La Cour a rappelé que, si les Etats membres peuvent prévoir que les décisions de retour sont contestées devant des autorités autres que judiciaires, le destinataire d’une décision de retour adoptée par une autorité administrative doit toutefois, à un certain stade de la procédure, pouvoir en contester la régularité devant au moins une instance juridictionnelle. En l’espèce, la Cour a relevé que les intéressés ne pouvaient contester les décisions prises par l’autorité de police migratoire et modifiant leur pays de retour qu’en formant une opposition devant l’autorité chargée de l’asile et qu’aucun contrôle juridictionnel ultérieur n’était garanti. Or, cette dernière autorité, qui est placée sous l’autorité du ministre chargé de la police, relève du pouvoir exécutif, si bien qu’elle ne remplit pas la condition d’indépendance exigée d’une juridiction. Dans de telles circonstances, le principe de primauté du droit de l’Union, ainsi que le droit à une protection juridictionnelle effective, imposent à la juridiction nationale saisie de se déclarer compétente pour connaître du recours visant à contester une décision de retour portant modification du pays de destination initial, en laissant, au besoin, inappliquée toute disposition nationale qui le lui interdirait.

  • Sur le motif d’irrecevabilité prévu par la réglementation hongroise

La Cour a examiné le motif d’irrecevabilité prévu par la réglementation hongroise et ayant justifié le rejet des demandes d’asile.
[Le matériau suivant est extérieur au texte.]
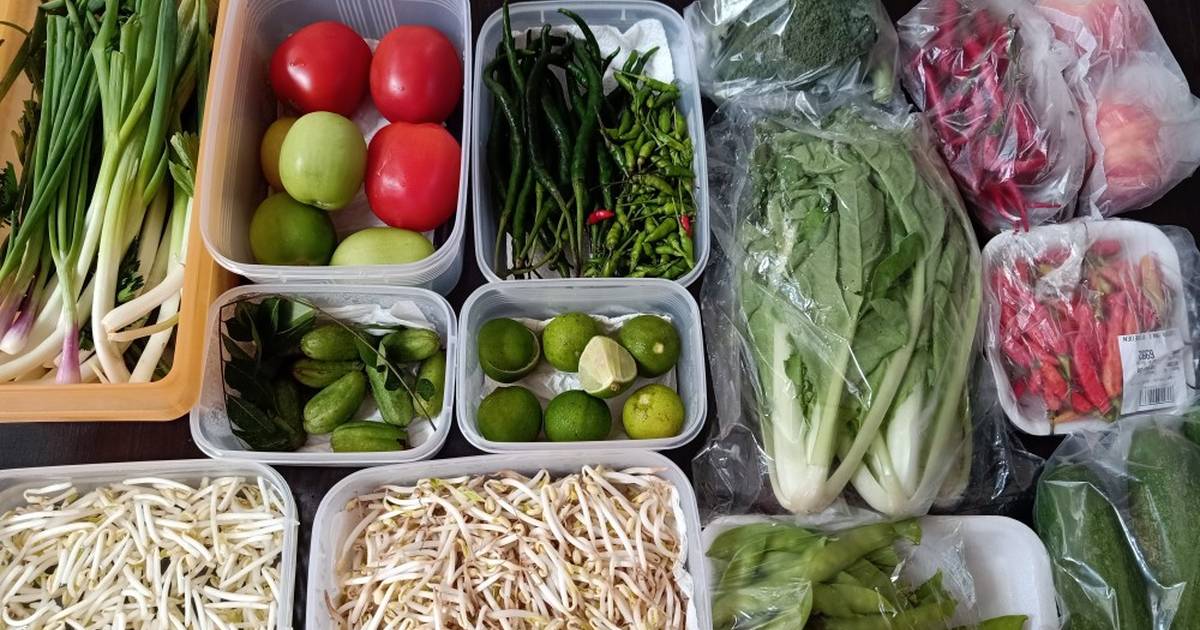 10 Tips Menyimpan Sayuran di Kulkas Yang Aman dan Tetap Segar serta Awet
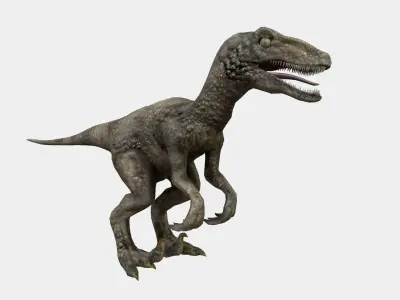 Velociraptor t - rex dinosaur Low-poly 3D model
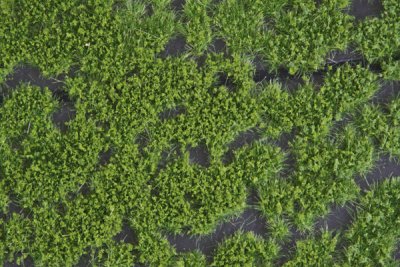 Martin Welberg Scenic Studios MB-PW202 - Tufts - Summer w/ Weeds - 2mm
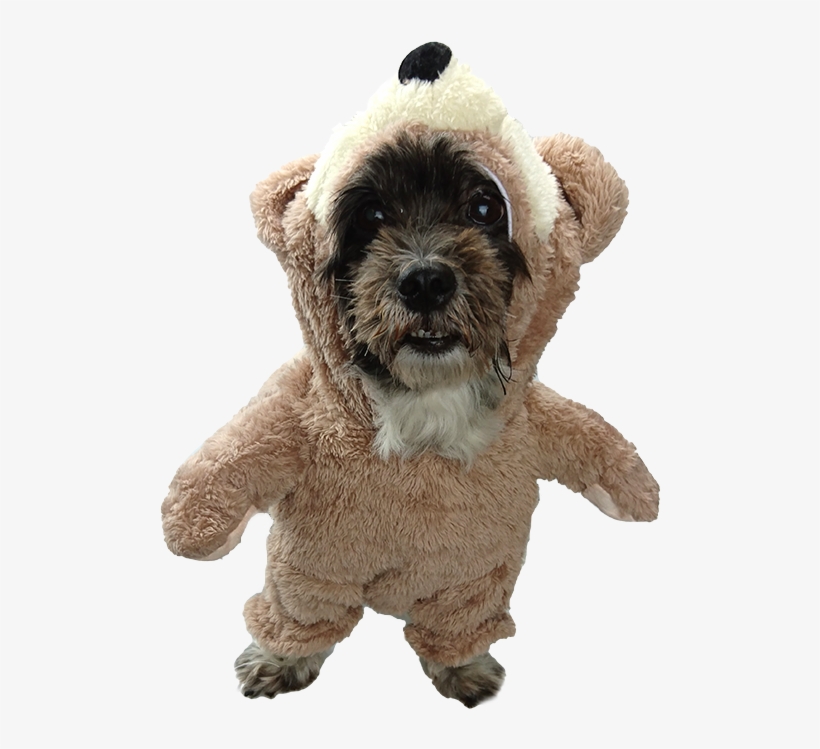 Teddy Bear Small Dog Costume On The Hunt Dog Beds And - Guitar Costume For Dogs Transparent, transparent png #4006329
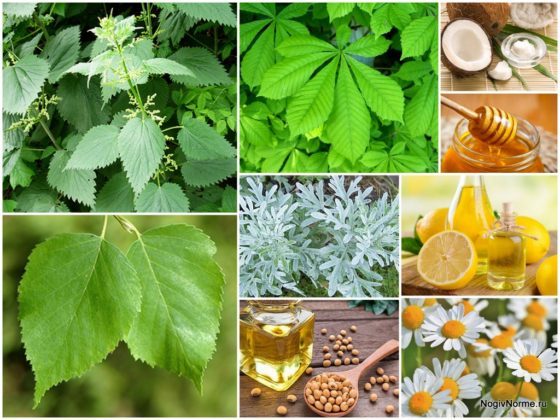 Варикобустер при варикозе – инструкция по применению, отзывы, аналоги, форма выпуска, побочные действия, противопоказания, цена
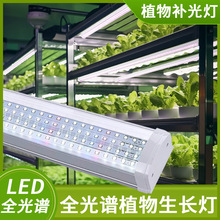 ȫ���V�����a���������ɫ��ͽ�L�҃�ֲ������LED���L�a�����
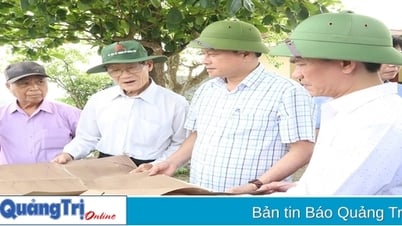 Người của hai quê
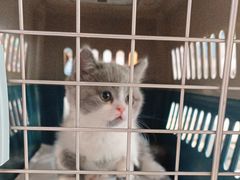 -伟伟宠物医院·CT影像中心·瑞派犬猫综合性门诊(汉口总院)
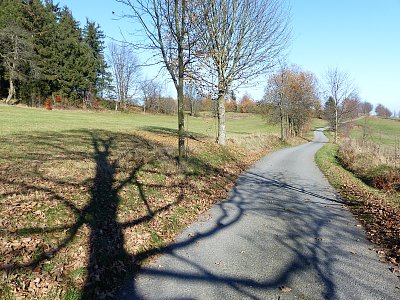 Podzimní siluety...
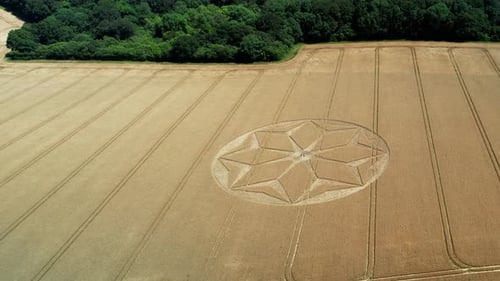 Tichborne mysterious golden farmland geometric flower pattern crop circle aerial tilt down push in v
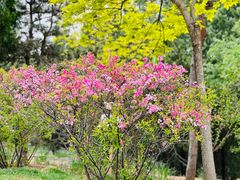 -北京西山国家森林公园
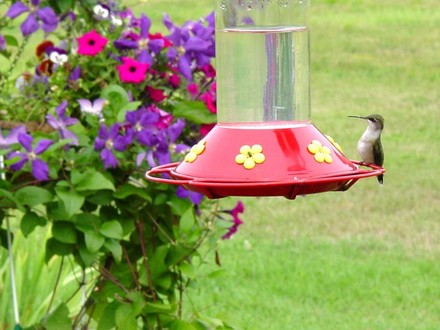 Hummingbird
Cette réglementation permet un tel rejet lorsque le demandeur est arrivé en Hongrie par un pays qualifié de « pays de transit sûr » dans lequel il n’est pas exposé à des persécutions ou à un risque d’atteintes graves, ou dans lequel est assuré un degré de protection adéquat. En rappelant sa jurisprudence récente, la Cour a affirmé qu’un tel motif est contraire à l’article 33 de la Directive « procédures » dans un tel cas, il ressort de la Directive « procédures », combinée notamment avec l’article 18 de la Charte, qui garantit le droit d’asile, que l’autorité ayant rejeté les demandes d’asile n’est pas tenue de les réexaminer d’office. Toutefois, les intéressés peuvent toujours déposer une nouvelle demande, qui sera qualifiée de « demande ultérieure », au sens de la Directive « procédures ».